Lakewood, WA — If you’re like most parents, you might experience a bit of “sticker shock” when you hear how much it could cost to send your teen to college, however, according to Erica Hwang of Huntington Learning Center of Lakewood, there’s no need to panic.
“There are billions of federal dollars available to help students and families pay for college, not to mention many other sources of aid – state agencies, foundations and other organizations,” says Hwang. “No matter who you are, college is within reach, but you have to leave no stone unturned.”

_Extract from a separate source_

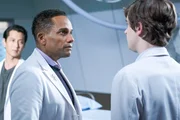 (v.li.): Hill Harper (Dr. Marcus Andrews), Freddie Highmore (Dr. Shaun Murphy).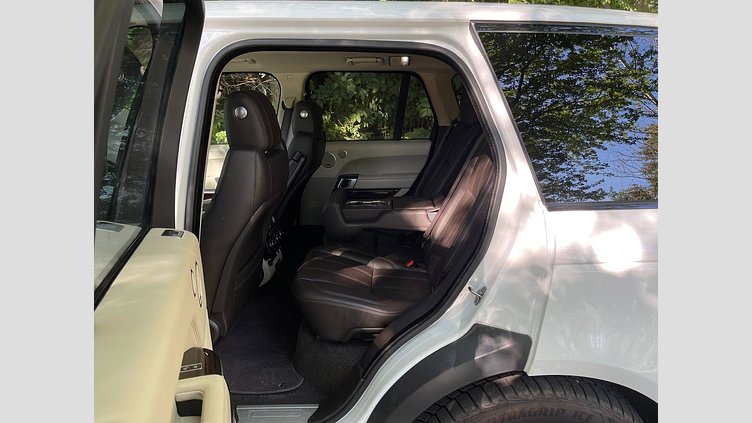 2015 Вживаний Land Rover Range Rover Fuji White 3.0 litre V6 Diesel Aut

Hwang offers the following tips for investigating all possible resources for financial aid:
Apply for federal financial aid.
Most student financial aid comes from the U.S. Department of Education. In fact, in the 2007-08 school year, the Office of Federal Student Aid issued $83 billion to ten million students attending 6,200 postsecondary institutions. To be considered for federal financial assistance, you’ll need to fill out the Free Application for Federal Student Aid (FAFSA). The FAFSA is used to determine your teen’s eligibility for federal aid in the form of grants, low-interest loans and work-study positions, and is also used by states and colleges to calculate students’ financial aid packages (though they may require additional applications). Almost all federal aid is awarded based on financial need, not high school GPA or SAT or ACT scores. Be sure to apply as soon as possible after January 1. www.fafsa.ed.gov
Apply for state aid.
State education departments offer a variety of grants and scholarships to college students. Contact your state’s higher education agency to learn more about the types of financial assistance available to state residents and the application process. Visit www.ed.gov/Programs/bastmp/SHEA.htm to find your state agency.
Talk with the university or college financial aid office.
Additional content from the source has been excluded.